2019年8月18日
2〜5歳まで27人の子どもたちが毎日通う認可外保育施設「かぜあそび」がはじまって、四ヶ月。
こどもとこども、こどもと大人、こどもと環境ー。さまざまな “あいだ” ではじまった関係性が、この四ヶ月で少しずつ、いろんな方向に変化をしてきました。
広がり、深まり、近づくという関係性もあれば、離れてゆく関係性もある。
たとえば、春には見られなかった、「いれて」、「やだよ」、「やめて」の自己主張。開園してから、ほぼ毎日一緒に遊んでいたふたりが別々に遊ぶ、という姿も見られるようになってきました。
自然と同じようにとどまることなく、心と行動、そして、関係性を変化させてゆく、こどもたちの姿を見ていると、まだまだ新しい出会いが、その子自身の「中」でも「外」でもたくさん起きているし、これからも起きてゆくのだということに気付かされます。
「あと2回ねたら、おやすみでしょう?」
「ぼく、とうきょうの きょうりゅうてん にいくんだ」
そう、かぜあそびはこれからしばらくおやすみです。
そんな夏休み2日前の「森探検」では、こんな新しい出会いがありました。
「むしとりするひと、このゆびとまれー」
りくの呼びかけで集まった8人のこどもと2人の大人で、この日2回目の森探検へ出かけることになりました。
あんとかよこが、前を歩くりくを見ながら、こんな会話をはじめます。
「りくは“たいちょう”なんだよ」
「そうそう、なんでもしってるんだよね」
そんな二人のやりとりが聞こえたのか、りくが大きな声で言いました。
「おっほん、みなさんついてきなさい!」
しばらく歩いて、川へ到着したところで、何人かの足がとまりました。
「これじゃあ、ぬれちゃうよね?」と、不安そうにわたしに話しかけてきたあんも、その一人。
川を見てみると、大きな石が橋がわりになってくれそうだけど、たしかに今日の水量だと少し靴が濡れるかもしれない。

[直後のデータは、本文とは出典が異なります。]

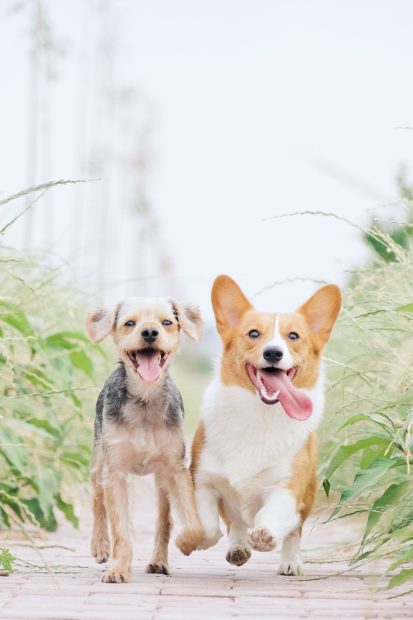 Cute Corgi Background.
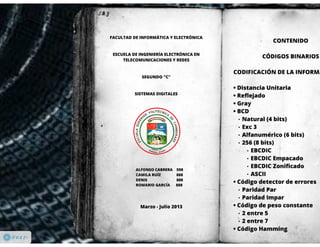 Codificación de la Información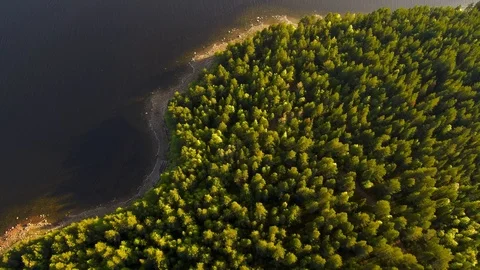 The span of the drone along the coast of the sea bay. Forest on the shore. Stock-Footage 104633763
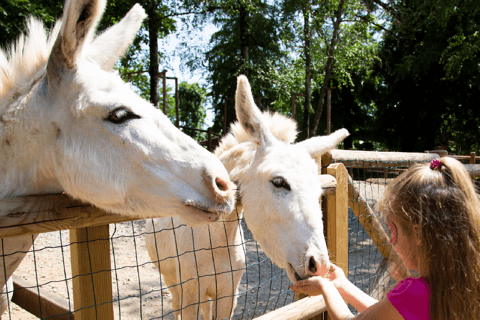 Leolandia Park: Open-Date Entry Ticket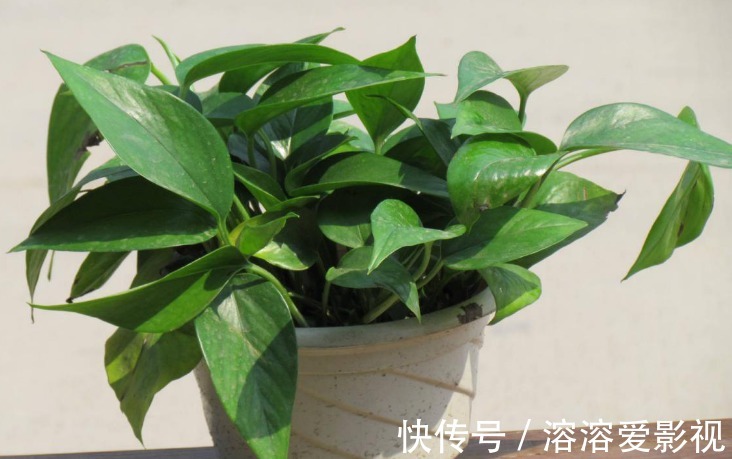 卫生间养花，首选这4种耐阴不怕潮的植物，长势好、空气更清新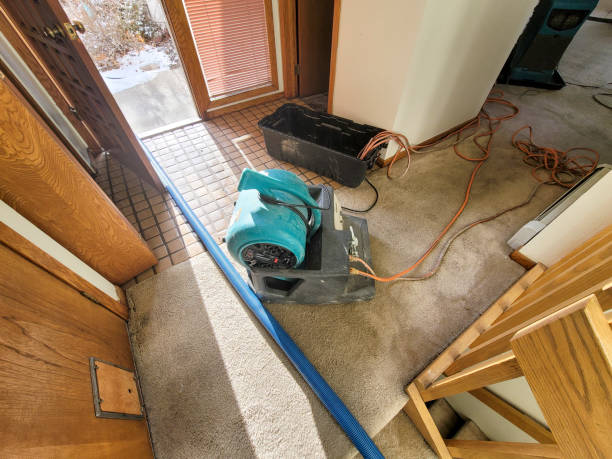 Best Local water damage restoration  in Questa, NM
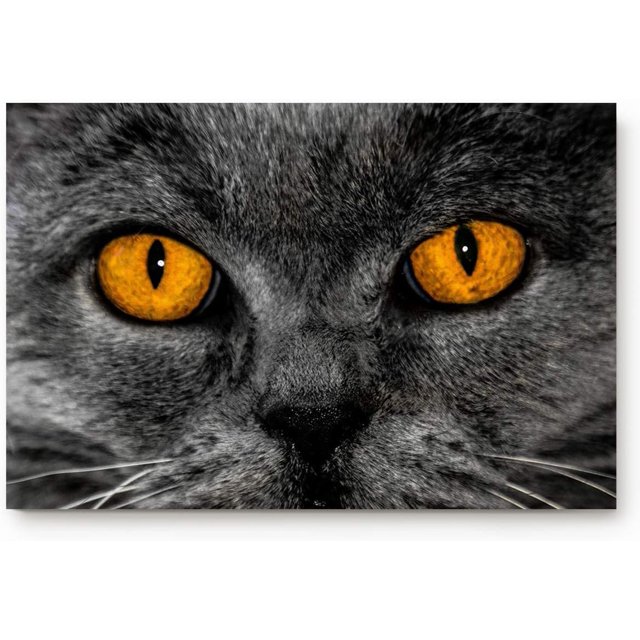 Gray British Shorthair Patterned Indoor Doormat NonSlip Front Door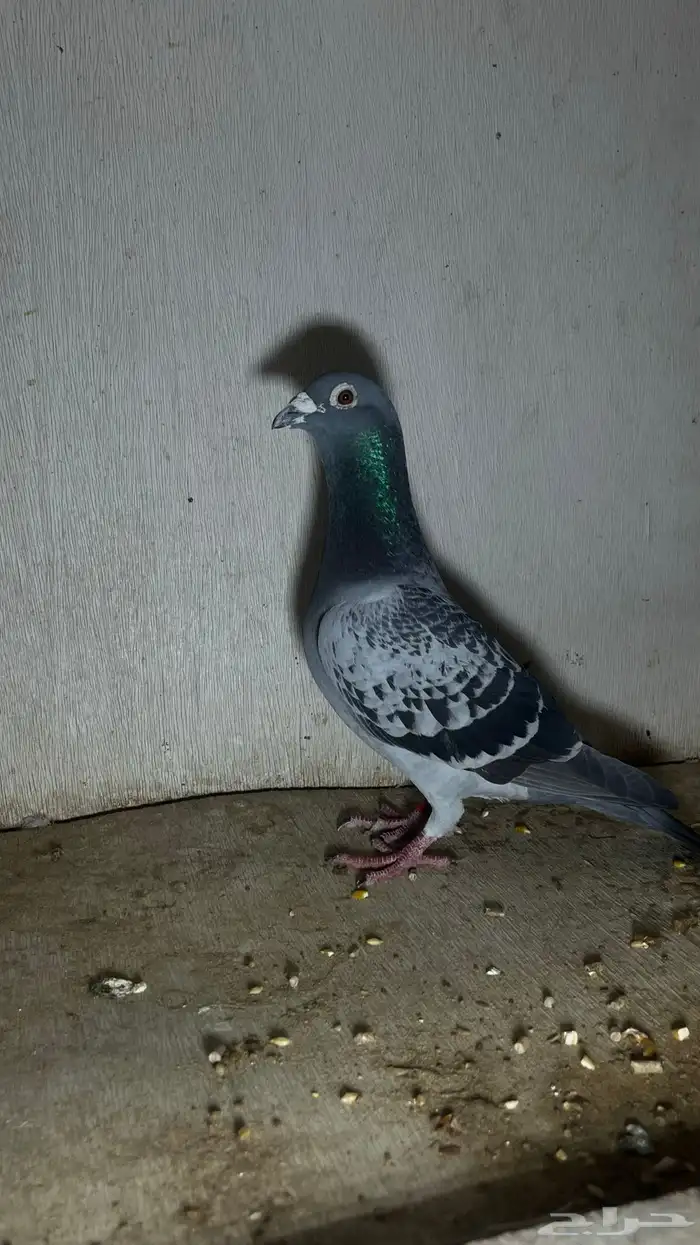 حمام زاجل احفاد ابطال 0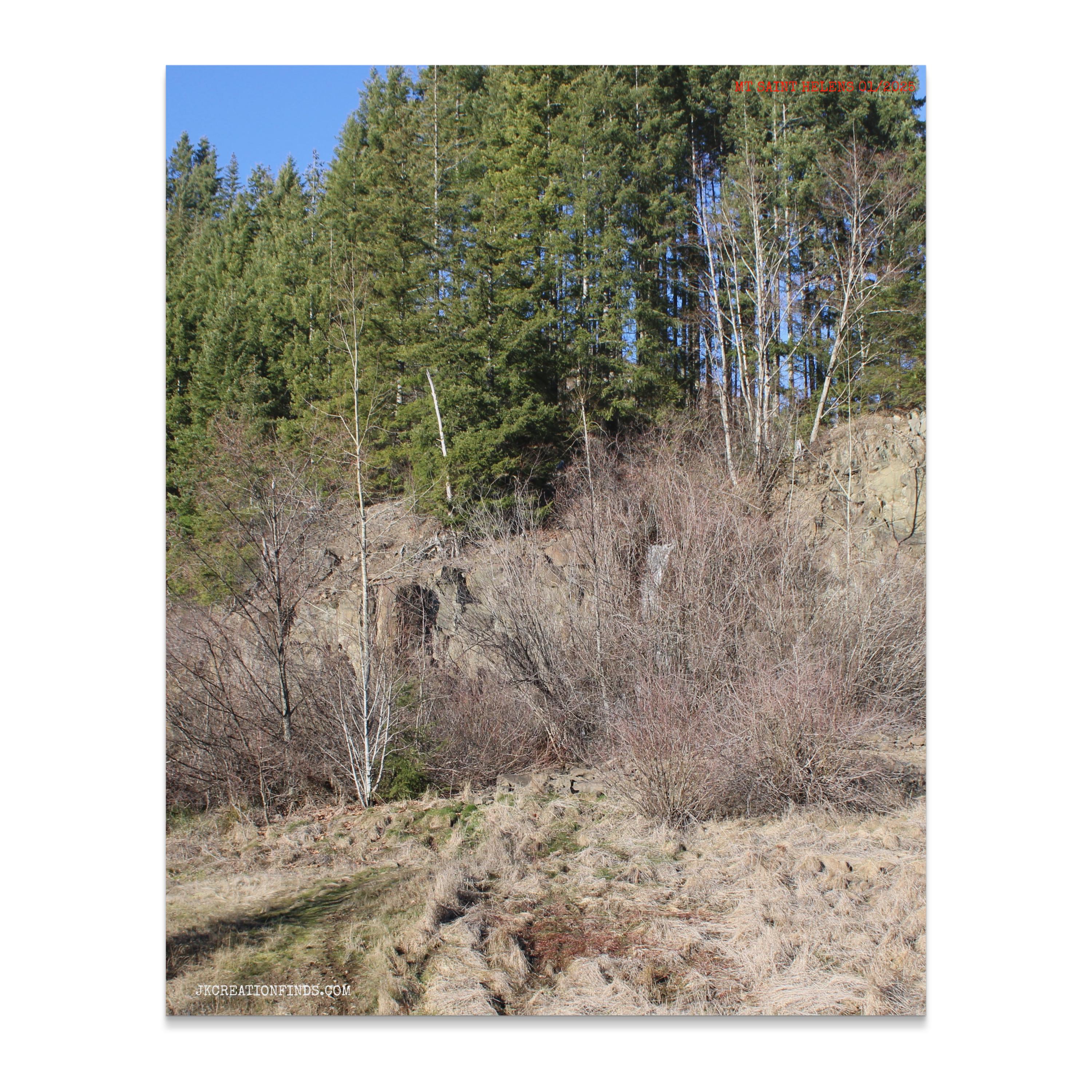 580022ce-a3ff-49fa-94e4-909663e452a2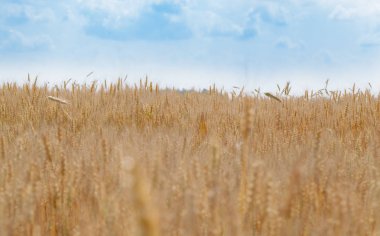 Genç buğday alan yakın çekim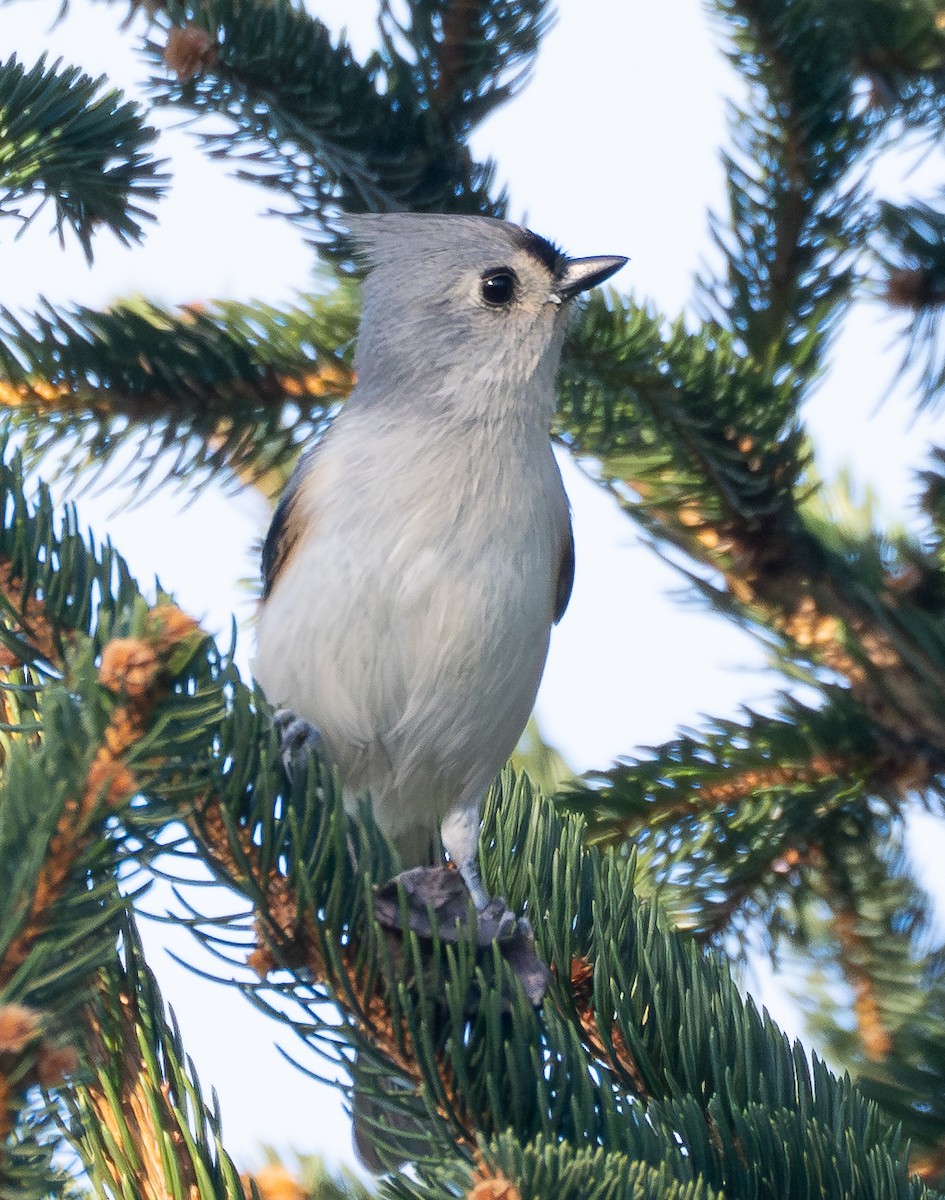 gråduskmeis - ML644562300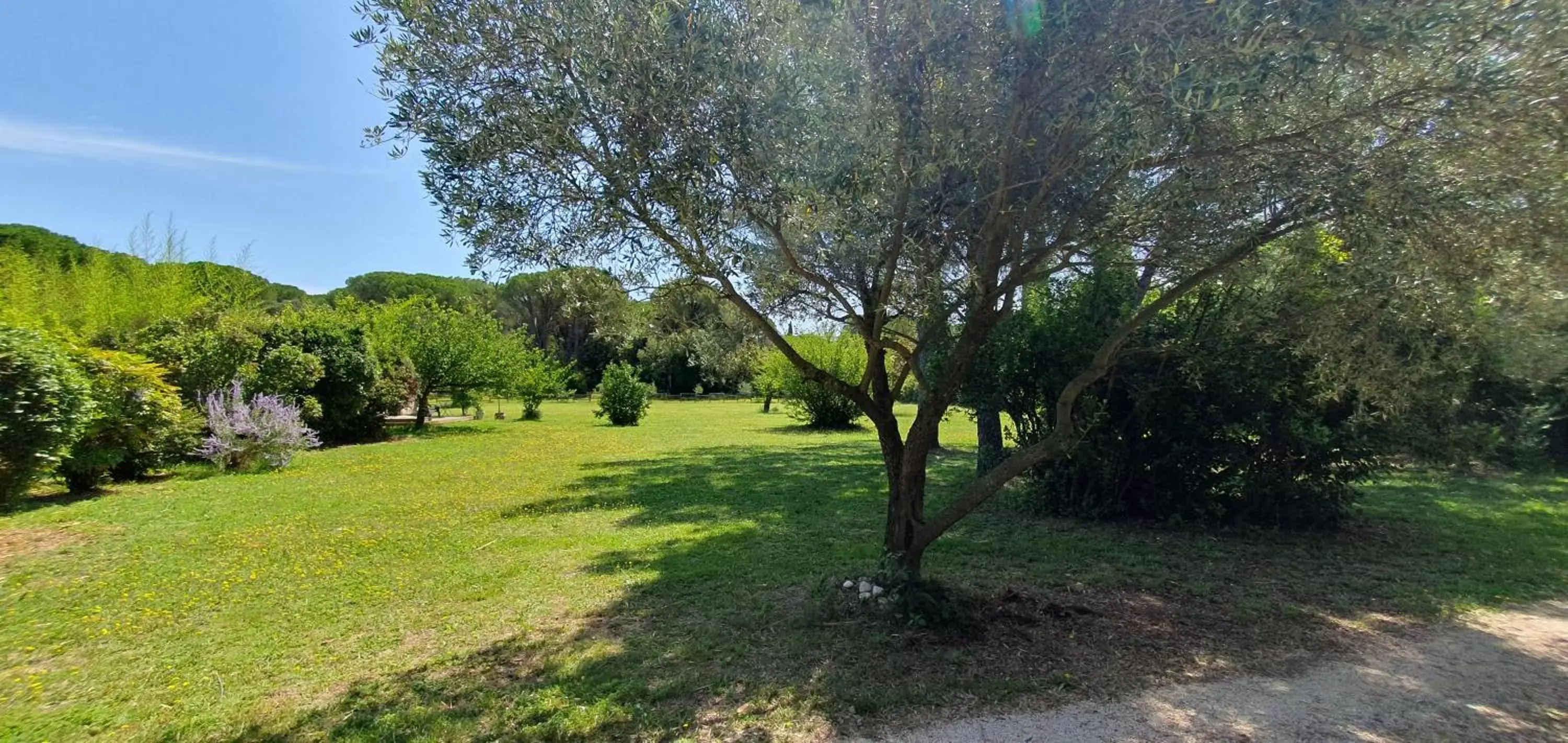 Garden in Aux berges du pont du gard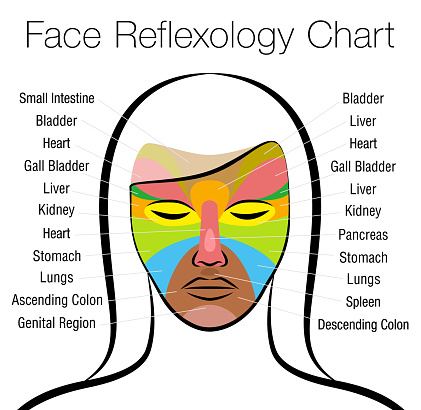Face reflexology chart. Female face with colored areas and names of corresponding internal organs. Alternative acupressure and physiotherapy health treatment. Vector on white.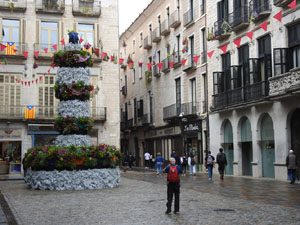 Temps de Flors 2024. Pla&ccedil;a del Vi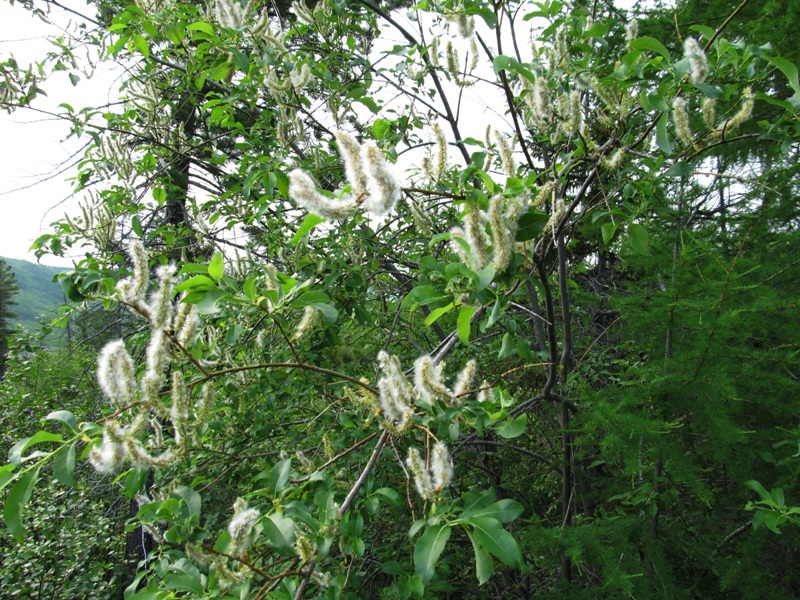 Изображение особи Salix jenisseensis.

わたしはあんにこう返事をしました。「そうだね、濡れちゃうかもしれないね」
実際、長靴を履いてこなかった人たちは、靴を濡らしながら川を渡り、私自身も靴のなかがあっという間にびしょびしょです。
「ひかちゃん、ぬれちゃうよ」と、あん。
「うん。乾かせばいいかなと思って」と、わたし。
そのあと、しばらく周りの様子を見ていましたが、「そっか、かわかせばだいじょうぶだよね」と一言言ってから、一歩足を前に進めます。
濡れる足元。流れ続ける川の水。
そっと彼女を見てみると、さっきまで濡れるのを躊躇していたのが嘘のような表情を見せて、こう言いました。
「…つめたくて、きもちいいね!」
「おーい、こっちにもきてみなよ!」
りくの呼びかけにあんとかよこが行ってみると、泥沼に足をいれながら、「うわあー、ぬけなくなる〜」と足をいれたり、出したりしている、りくの姿が。
「やってみたら?」と誘うりくに対し、
「よごれちゃうからダメだよ」と、あん。
「わたしは、だいじょうぶ」と、かよこ。
「はいるはいる」と、わたし。
靴をぬぎ、足を入れてみると、なんとも言えない泥の感触と冷たさが癖になりそうです。
「りくくん、もっとあしふかくいれてみてよ」
「ひかちゃん、そこどうなってるの?」
入らないことを選択したあんとかよこですが、気になる気持ちはある様子。
そんな二人に、りくがぽつりと言います。「よごれたら、あらえばいいんだよ」
りくのその一言に、あんが動かされます。
「そうだよね、あらえばいっか。あらえばいいんだよね」と、まるで自分を鼓舞するかのように繰り返し言いながら、靴をぬぎ、ズボンをまくり、泥のなかに足を一歩踏みいれる。
その様子をみて、かよこの気持ちにも変化が。
「わたしも、やってみる」
「かよこちゃん、これはじめてのかんじ!」
「はじめてしったよ、つめたくてきもちいいね」
そう嬉しそうに言った、あんとかよこの表情を、わたしは一生忘れないと思います。
「そろそろ、おひるごはんにするぞ!」
川の水で足を洗ってから、結局使わなかった虫かごとあみを持ち、帰路についたみんなの足取りは、行きよりなんだか軽やかで、自信を持って見えたのは、新しい出会いを自分で経験したからかもしれません。